Some light delectable recipes, ideal to serve at teatime

July 20, 2014 06:38 pm | Updated 06:38 pm IST - Kochi

CREATIVITY UNBOUND Swiss roll

CREATIVITY UNBOUND Swiss roll

Rich Chocolate Cake

Ingredients

Butter – 120 gm

Caster sugar – 120 gm

Flour – 150 gm

Baking powder – 2 tsp

Powdered chocolate – 150 gm

Eggs – 2

Black coffee – 2 dessertspoons

Filling

Unsalted butter – 60 gm

Icing sugar – 105 gm

Powdered chocolate – 60 gm

Black coffee – 1-2 dessertspoons

Method

Cream butter and sugar. Sieve the flour and chocolate together.

Beat the eggs and mix them alternately with the dry ingredients into the butter and sugar. Stir in the coffee last.

Mix well and turn into two well-buttered sandwich cake tins. Bake for 30-45 minutes at 355 degrees Farenheit / 180 degrees C.

Cream all the filling ingredients together.

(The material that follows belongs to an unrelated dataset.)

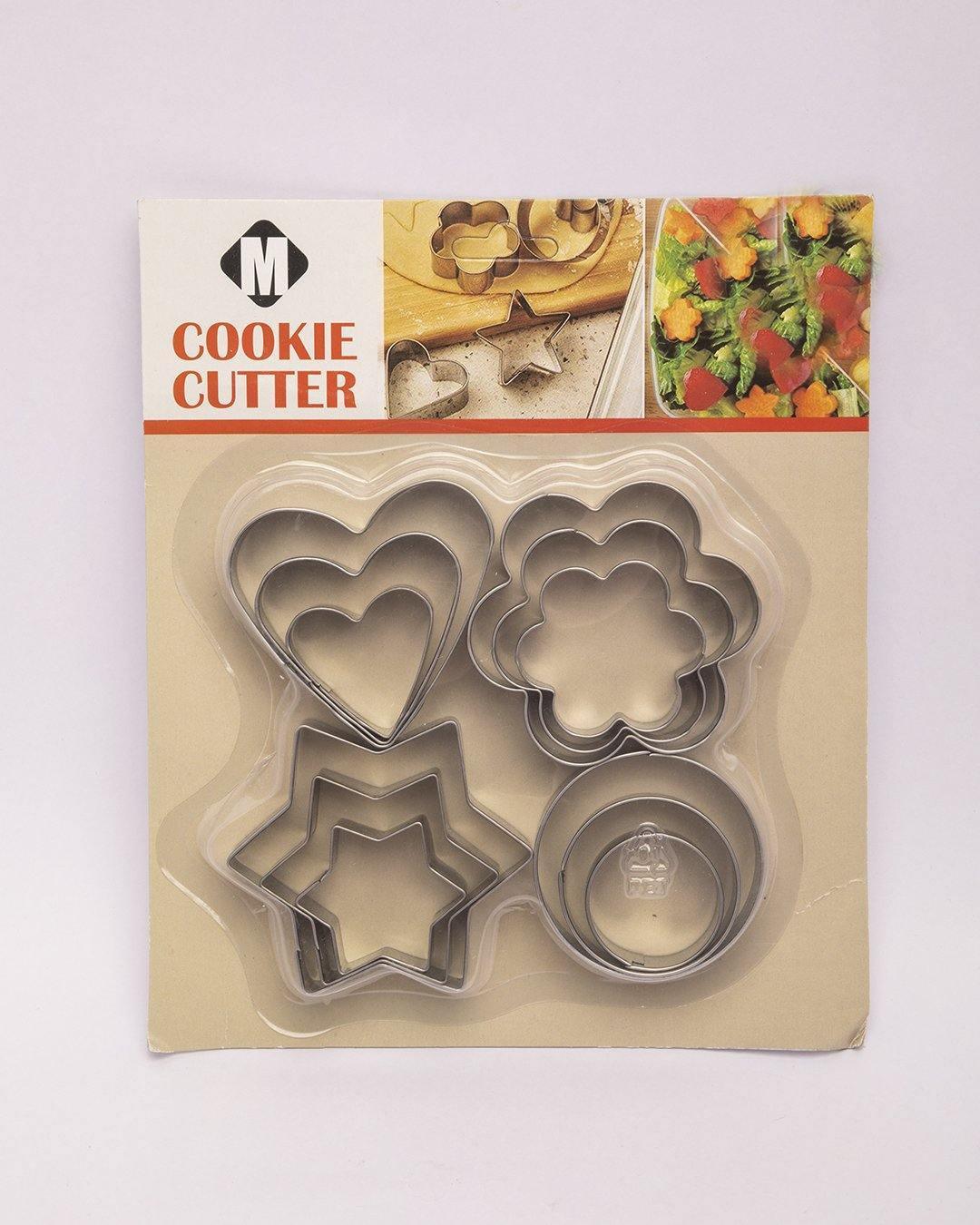 Cookie Cutter, for Cooking, Heart, Flower, Circle, & Star, Silver, Stainless Steel, Set of 4 - MARKET 99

Put half the filling in the middle of two sandwich cakes, and remaining filling on top.

Cut and Come Again Cake

Ingredients

Butter – 210 gm

Self raising flour – 360 gm and a pinch of salt, sifted together

Raisins – 120 gm

Currants – 120 gm

Candied peel – 60 gm

Castor sugar – 240 gm

Juice and rind of one lemon

Eggs – 2

Milk – 150 ml

Method

Rub butter into the flour. Add raisins, currants, peel and sugar the grated lemon rind and juice.

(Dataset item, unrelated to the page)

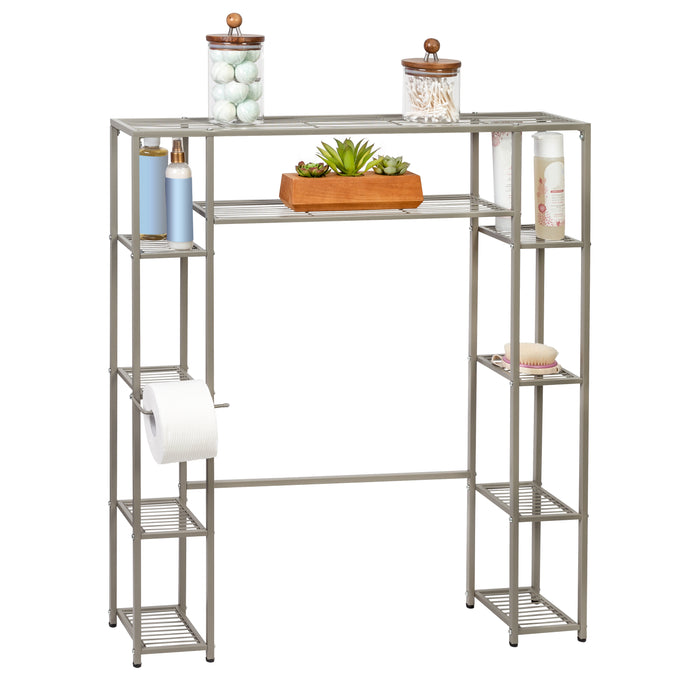 honey can do Satin Nickel 10-Shelf Over-the-Toilet Space Saver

Beat the eggs with milk and mix with the above ingredients.

Put into a well-greased cake tin, 9" diameter.

Cook in a moderate oven (355 degrees Fahrenheit / 180 degrees C) for one and a half hours.

Swiss Roll

Ingredients

Large eggs – 3 ( separated)

Sugar – 105 gm

Flour – 105 gm, half tsp baking powder, sifted together

Juice and rind of half a lemon

Red currant jelly or any kind of jam

A little icing sugar

Method

Beat egg yolks and sugar together. When thoroughly mixed, add flour gradually and beat well.

Add lemon juice and rind. Whisk egg whites until stiff, then fold into the egg and flour mixture.

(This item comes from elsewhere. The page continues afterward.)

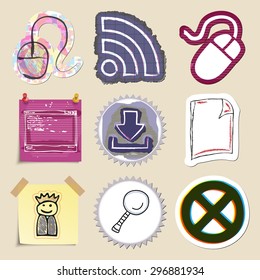 Hand drawn web emblems set. Isolated. Stickers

Butter a piece of greaseproof paper or tinfoil (approx. 12" X 8") and lay on a baking sheet, spread mixture evenly onto the greaseproof paper and cook in a pre-heated oven ( 355 degrees F) for 10-15 minutes until golden.

Remove from the oven, and turn upside down onto a lightly floured board. Pull off the paper carefully.

Spread with jelly or jam while still hot, then roll up. Leave Swiss Roll to cool and then dust with icing sugar.

Eat the Swiss Roll the same day as it is made.